Tag Archives: salmon farms

Federal aquaculture policy talks are tonight

Washington state, Puget Sound and the Kitsap Peninsula are known for their aquaculture. Commercial oyster beds in Hood Canal, geoduck growing areas in Case Inlet and salmon farms off Bainbridge Island are among the many aquaculture facilities that we have.

Officials at the National Oceanic and Atmospheric Administration recognize the tremendous economic value and potential of aquaculture projects throughout the country — including offshore facilities. The potential for feeding large numbers of people is part of the equation.

On the other hand, the potential for overrunning our natural ecosystems is a serious concern.

Now, NOAA is seeking comments about what people think should go into a national aquaculture policy. The agency will hold a public meeting tonight from 6 to 8:30 at Seattle Aquarium to discuss concerns and potential goals and policies. I’m hoping that the people who turn out on both sides of the issue understand that there is a need for balance. (I won’t be able to attend, since I’ll be covering the first meeting of the task force on Kitsap County’s shorelines plan, but I’ll look for reports of the meeting.)

For extensive information on this effort, check out the website for NOAA’s Aquaculture Program.

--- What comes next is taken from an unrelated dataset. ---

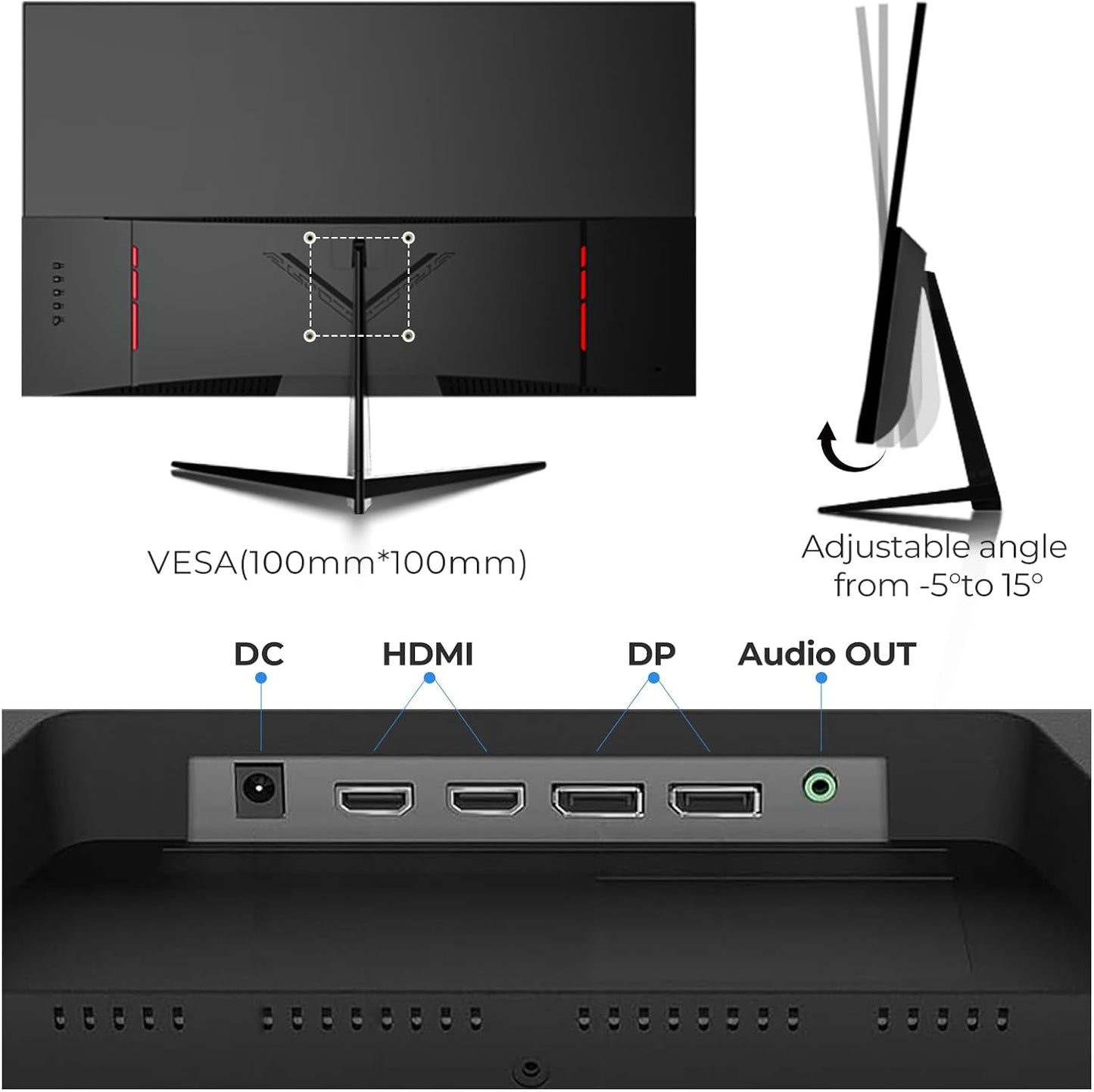 Gawfolk 32 Zoll Curved Gaming Monitor 180HZ / 165Hz / 144hz PC Bildschirm Full HD 1080P, Rahmenloses 1800R Gebogenes Computerbildschirm mit FreeSync und Eye Care Technologie, unterstützt VESA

In 2007, NOAA released a “10-Year Plan for Marine Aquaculture,” which concludes with four goals:

  1. A comprehensive regulatory program for environmentally sustainable marine aquaculture, which includes new permits for operations in federal waters
  2. Development of commercial marine aquaculture and replenishment of wild stocks, which includes research and investment incentives
  3. Public understanding of marine aquaculture, including an outreach plan
  4. Increased collaboration and cooperation with international partners, including a code of conduct for responsible fisheries

Among the issues identified for discussion and consideration:

  • Contaminants in seafood — such as PCBs, mercury, and pesticides. Some of these come from the food given to the animals
  • Use of artificial coloring to tint animal flesh
  • The spread of parasites and contagious diseases from captive animals to wild ones
  • Excreted waste from the captive animals
  • The environmental costs of using large quantities of wild animals to feed captive animals
  • Escape of genetically modified animals into the wild
  • Impacts on threatened and endangered species
  • The accidental trapping of predators in the nets that form aquaculture enclosures
  • Selection of suitable aquaculture sites
  • Climate change and ocean acidification
  • Jurisdictional overlaps with agencies such as Environmental Protection Agency, Food and Drug Administration and the Army Corps of Engineers
  • Direct and indirect effects on aquaculture products from other countries regarding issues such as quantity, quality, and toxicity, industry practices, costs and economic viability and trade agreements

Alexandra Morton battles fish farms on several fronts

Alexandra Morton of Echo Bay, British Columbia, is a fascinating person — part researcher, part activist and 100 percent advocate for killer whales. She is often compared to Jane Goodall and Dian Fossey, who studied complex mammals by essentially living with them.

Morton and a group of salmon-farming opponents — including Anne Mossness of Washington state — are trying to make people aware of their concerns regarding salmon farming, which they say threatens wild salmon, orcas and other predators.

On Sunday, the group signed an ”international declaration” (PDF 856 kb) outlining why salmon farming violates the United Nations “Code of Conduct” regarding sustainable aquaculture.

“Scientific studies show that wild salmon populations are crashing wherever there are salmon farms due to pathogen amplification and genetic pollution, but the damage runs much deeper,” according to a press release issued yesterday.

Meanwhile, reporter Cornelia Dean spent some time with Morton and wrote about the researcher’s personal and somewhat tragic life in a story published yesterday in the New York Times.

The timing of the story may be related to a court challenge last month by Morton and other fish-farming opponents trying to force the federal government in Canada to take authority over fish farms. In an AOL video, Morton explains the legal aspects of the case and talks about how killer whales are at risk from the farms. The seven-minute video is a solid piece of education that illuminates Morton’s point of view, once you ignore the wind on the microphone.

While I may not have a clear perspective of who Morton really is, I think I share a fascination with most people who have read her autobiography, “Listening to Whales: What the Orcas Have Taught Us” Am I right? Maybe I’ll get the chance to meet her one of these days.